Kedua, bergantung pada kemampuan MUI melakukan konsolidasi dan mendorong ormas Islam, para tokoh, hingga pejabat negara untuk mendengungkan seruan boikotnya. Untuk ini, MUI perlu secara masif melakukan lobi dan konsolidasi keluar. Umumnya, para ulama di MUI sudah sangat sibuk dengan tugas dan kepentingan organisasinya masing-masing, sehingga konsolidasi keluar atas nama lembaga MUI seringkali lemah.

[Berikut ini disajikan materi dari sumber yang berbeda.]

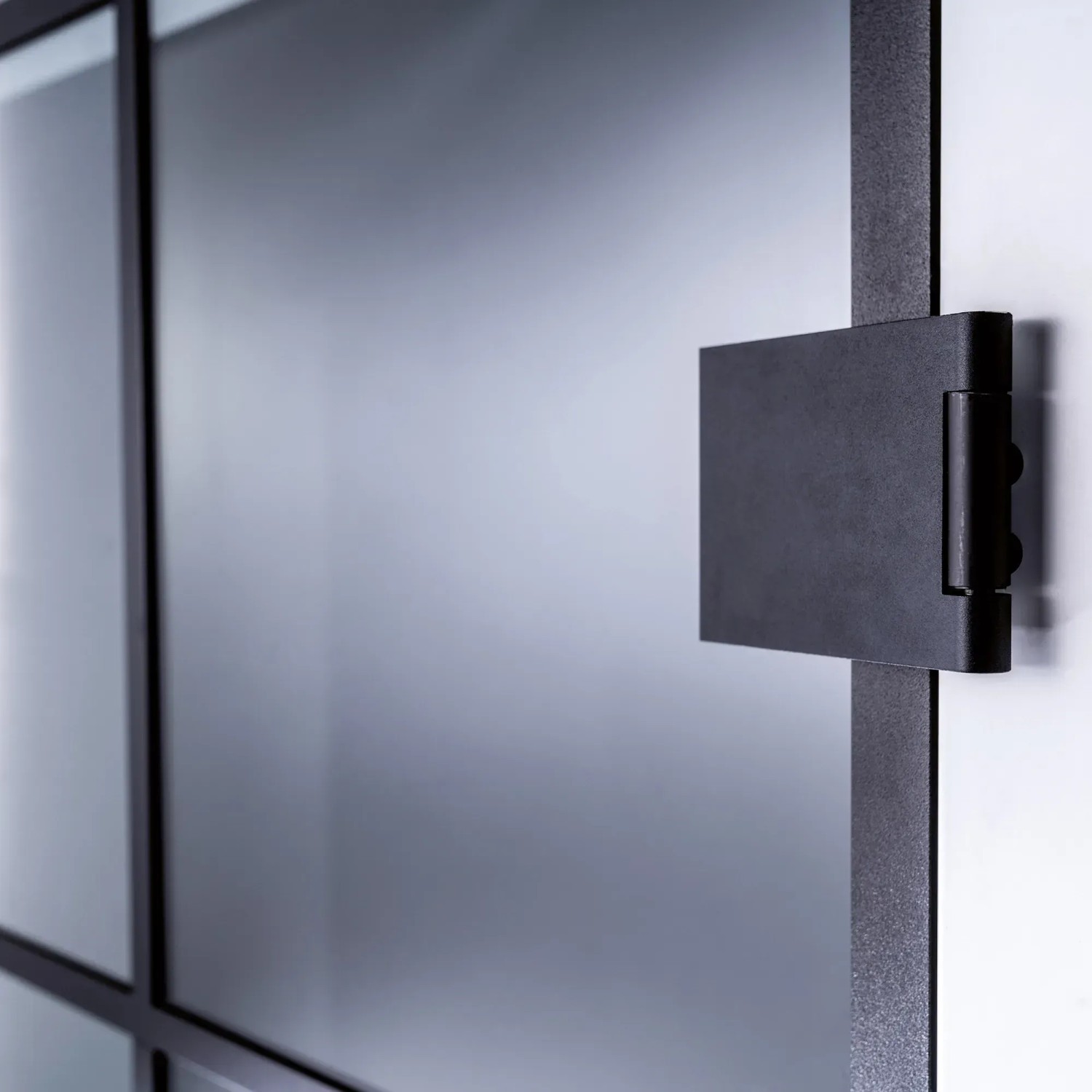 Detailaufnahme: Skyscope Portal Drehtür-Set Slimwork mit schwarzem Beschlag und Klarglas.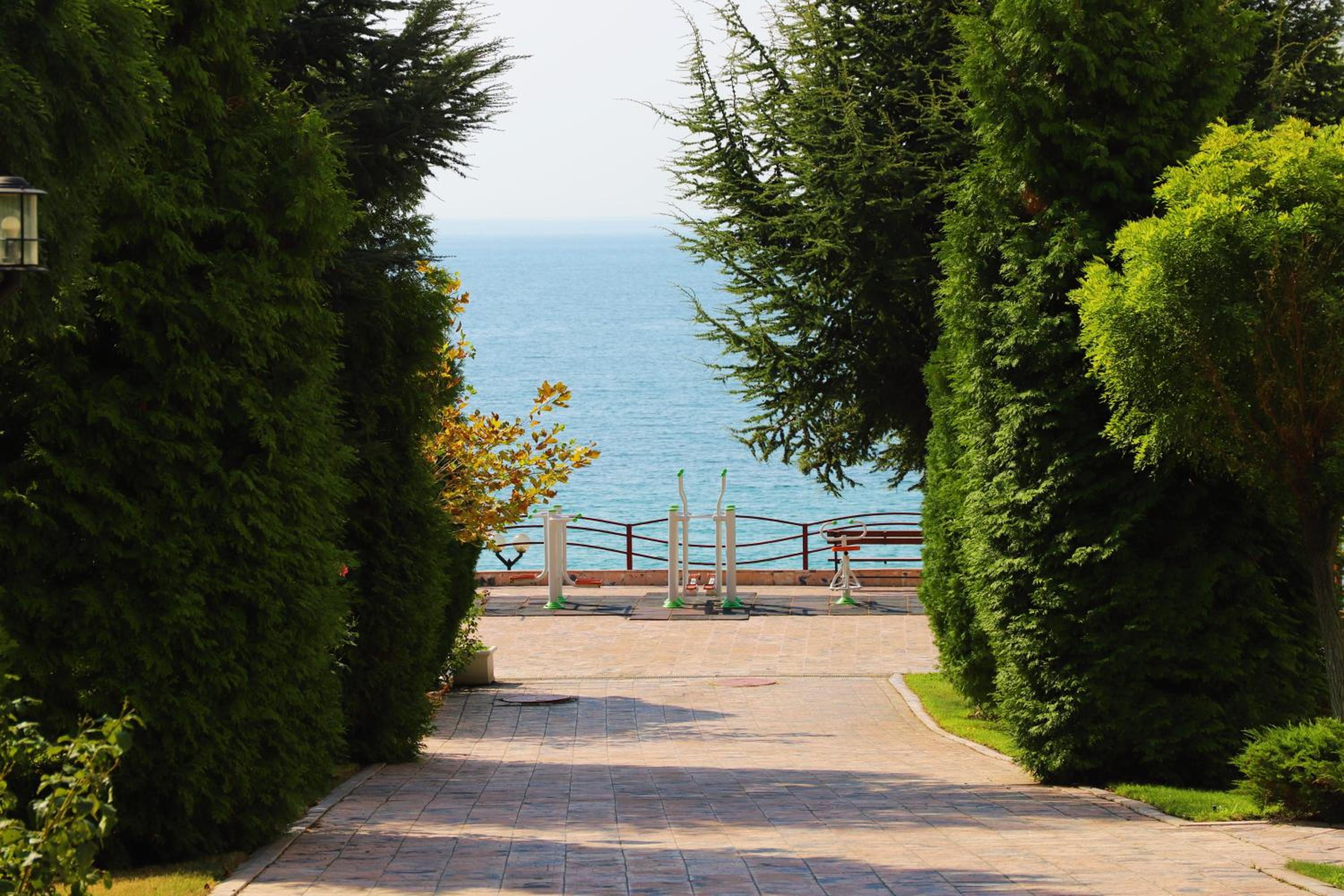 Photo 42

Ketiga, akan jauh lebih berdengung seruan boikot itu jika MUI memimpin langsung "masirah qubra". Kerahkan demo besar-besaran dan mendesak presiden untuk mengambil sikap tegas. Mulai dari membuat pernyataan, memulangkan Duta Besar Indonesia untuk Perancis, lalu mengusir Duta Besar Perancis dari Indonesia, hingga boikot produk-produknya. Tetapi, apa MUI didengar presiden?
Selama ini, audiensi MUI ke presiden seringkali tidak efektif. MUI tidak punya daya tawar. Bahkan cenderung diabaikan nasehatnya oleh istana. Baru-baru ini, audiensi MUI ke Istana terkait UU Omnibus Law Cipta Kerja (Cilaka) diabaikan istana. Masukannya ditolak. MUI keluar istana tanpa hasil apapun.
Dalam kasus dukungan penghinaan kepada Nabi Muhammad Salallaahu Alaihi Wasallam oleh presiden Perancis Immanuel Marcon, MUI perlu mempertimbangkan "Masirah Qubra". Demo besar. Pertama, ini akan memberi energi dan dorongan yang kuat kepada pihak istana untuk mengambil sikap tegas. Sampaikan ke Istana, jangan takut jika mobil Esemka diboikot oleh Perancis.
Kedua, demo yang besar-besaran akan menjadi sosialisasi yang efektif ke telinga masyarakat. Bahwa MUI menyerukan boikot terhadap produk-produk Perancis. Demo akan memastikan bahwa masyarakat mendengar seruan boikot dari MUI tersebut.
Ketiga, ini akan memberi pesan kuat kepada masyarakat muslim di seluruh dunia, agar mereka ikut melakukan protes keras. Juga untuk mengkonsolidasikan massa secara besar-besaran dalam memboikot produk-produk Perancis.
Jika fatwa MUI terhadap kasus penistaan agama yang dilakukan Ahok mampu menghadirkan tujuh juta massa umat Islam. Apalagi jika MUI dan seluruh ormas Islam turun langsung untuk memimpin demo serta melakukan konsolidasi massa. Hasilnya tentu saja lebih dahsyat lagi.
Cukup setiap ormas Islam mengerahkan sejuta massa, maka akan berkumpul belasan hingga puluhan juta massa dari Monas sampai Bundaran HI hingga memadati Jl Soedirman-Thamrin Jakarta. Mungkin ini akan menjadi demo terbesar di sepanjang sejarah Indonesia, bahkan dunia.
Jika demo ini dilakukan dan berhasil, maka pabrik milik Perancis di Indonesia bisa tutup, dan impor dari Perancis bisa berhenti. Ini baru akan memberi efek jera kepada Perancis. Sekaligus akan memaksa Immanuel Macron, presiden Perancis meminta maaf.
Masalahnya, MUI berani dan punya nyali tidak? Kalau cuma seruan boikot lewat surat yang diviralkan by PDF di medsos, mungkin banyak yang malas buka. Dijamin nggak bakal efektif. Bukan percuma, tapi tidak akan pernah besar pengaruhnya.
Penulis adalah Pengamat Politik dan Pemerhati Bangsa.